What to produce >> The records that follow must be reproduced in full, with every picture excluded.

==== Data for analysis ====

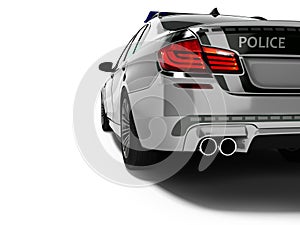 Police car sedan gray with green inserts rear view 3d render on white background with shadow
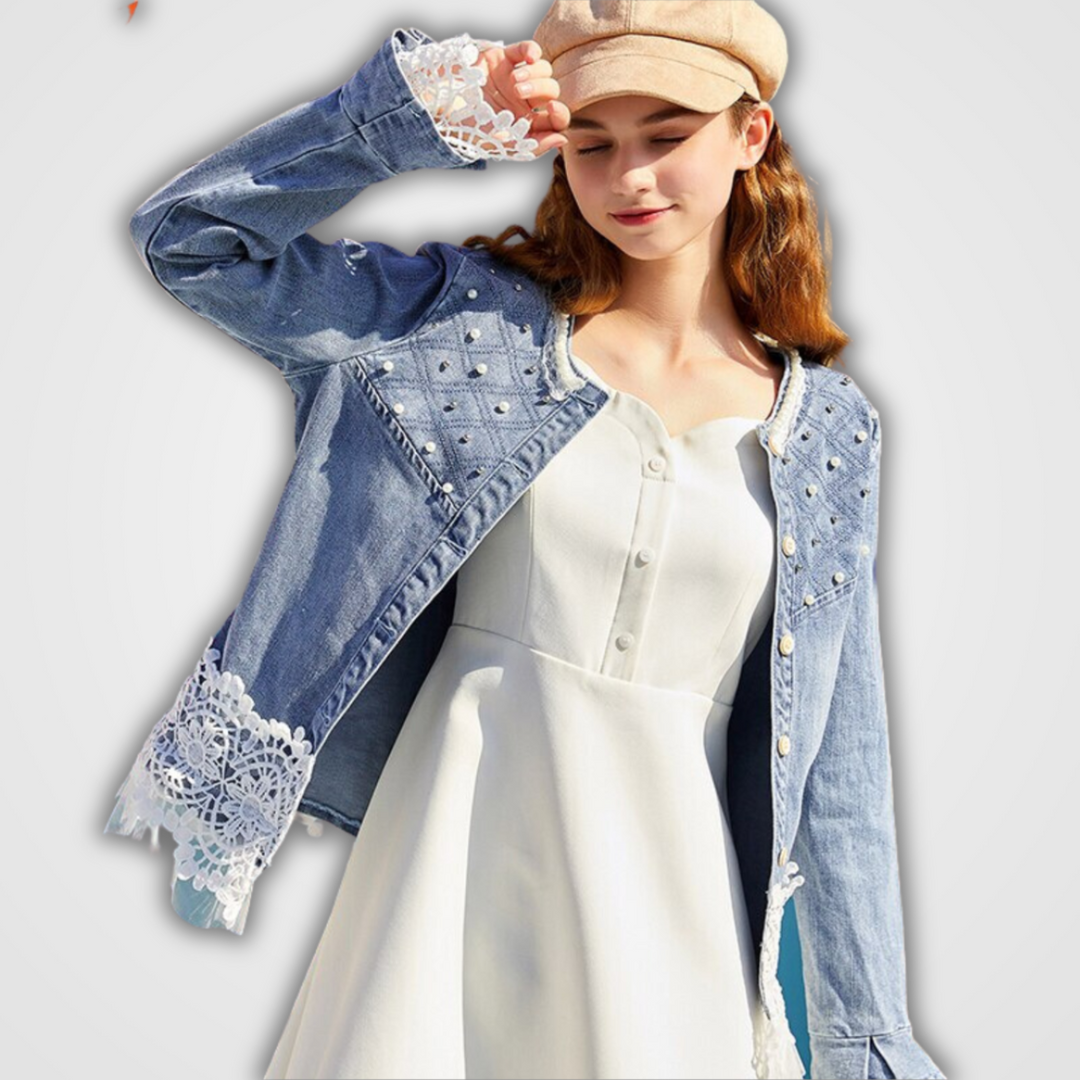 Greta | Veste en jean à dentelle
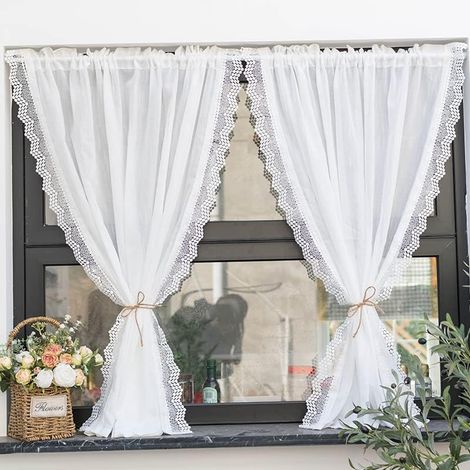 Rideau brise-bise aspect lin avec bord ondulé délicat en dentelle pour cuisine, salon, balcon, style maison de campagne, 1 pièce, blanc, l x H 150 x 100 cm (1/5)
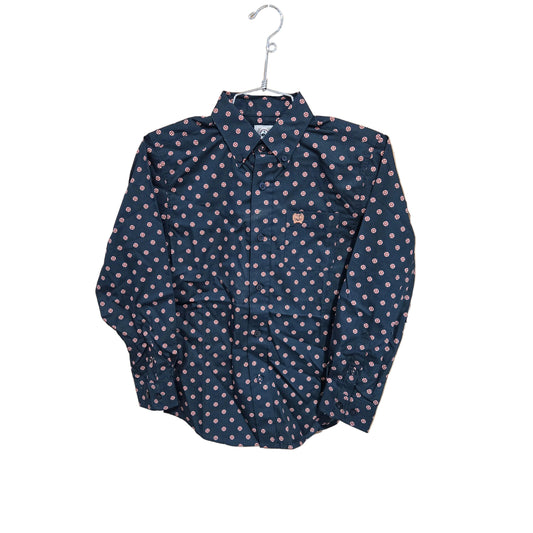 Cinch Boy's Long Sleeve Solid Button Up Shirt - Navy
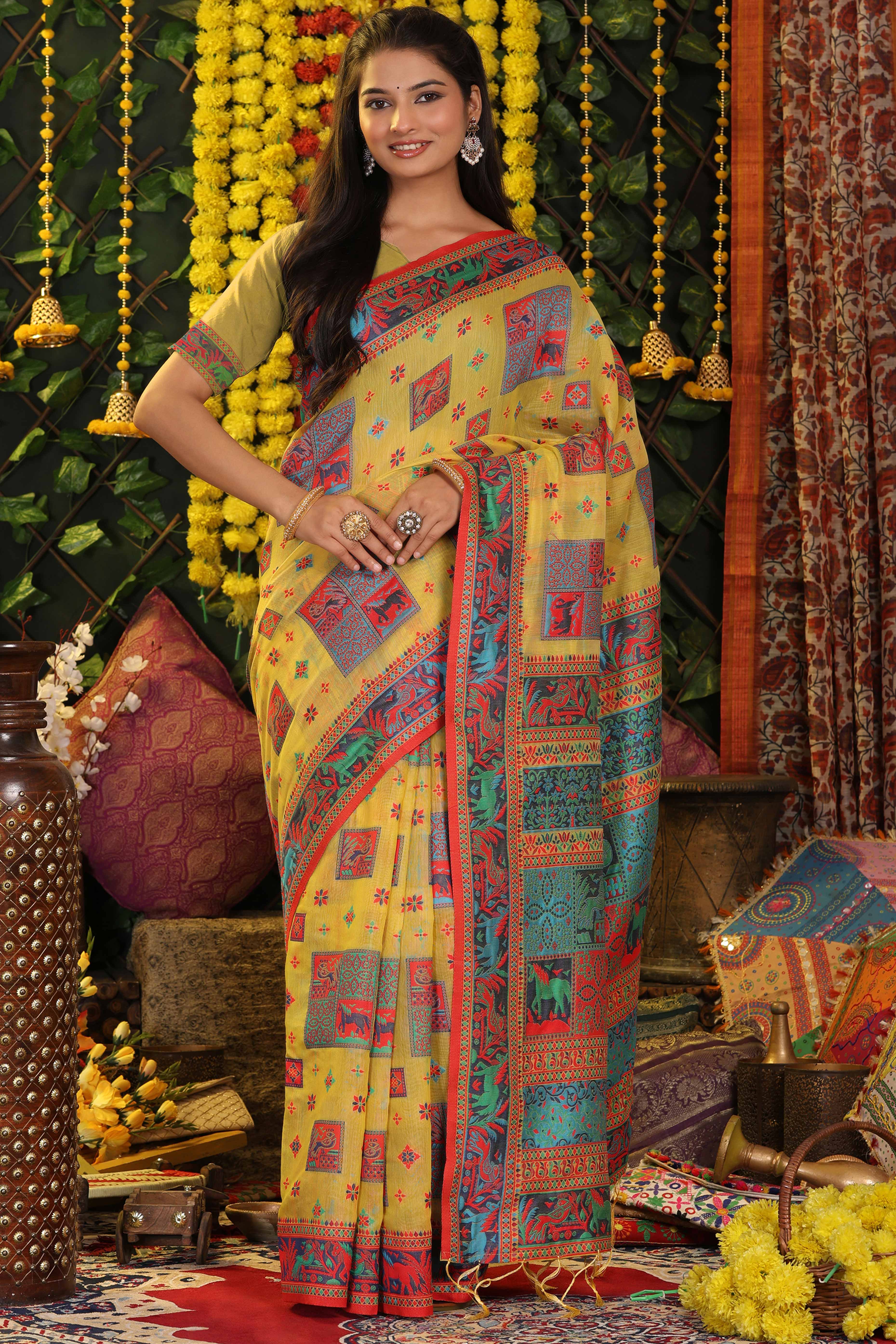 Yellow Linen Cotton Saree Adorned With Floral Zari Weaving & Tassel Pallu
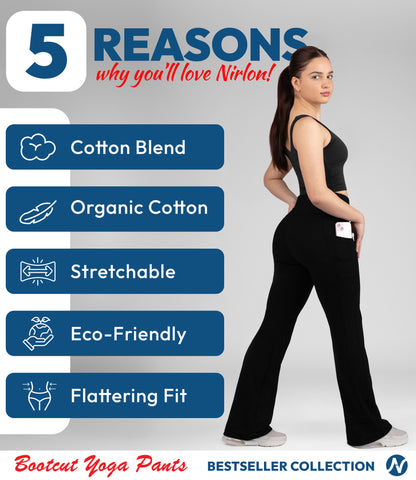 CottoNIR™ High Waist Bootcut Leggings with Pockets for Women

====

Answer >>
 Police car sedan gray with green inserts rear view 3d render on white background with shadow
 Greta | Veste en jean à dentelle
 Rideau brise-bise aspect lin avec bord ondulé délicat en dentelle pour cuisine, salon, balcon, style maison de campagne, 1 pièce, blanc, l x H 150 x 100 cm (1/5)
 Cinch Boy's Long Sleeve Solid Button Up Shirt - Navy
 Yellow Linen Cotton Saree Adorned With Floral Zari Weaving & Tassel Pallu
 CottoNIR™ High Waist Bootcut Leggings with Pockets for Women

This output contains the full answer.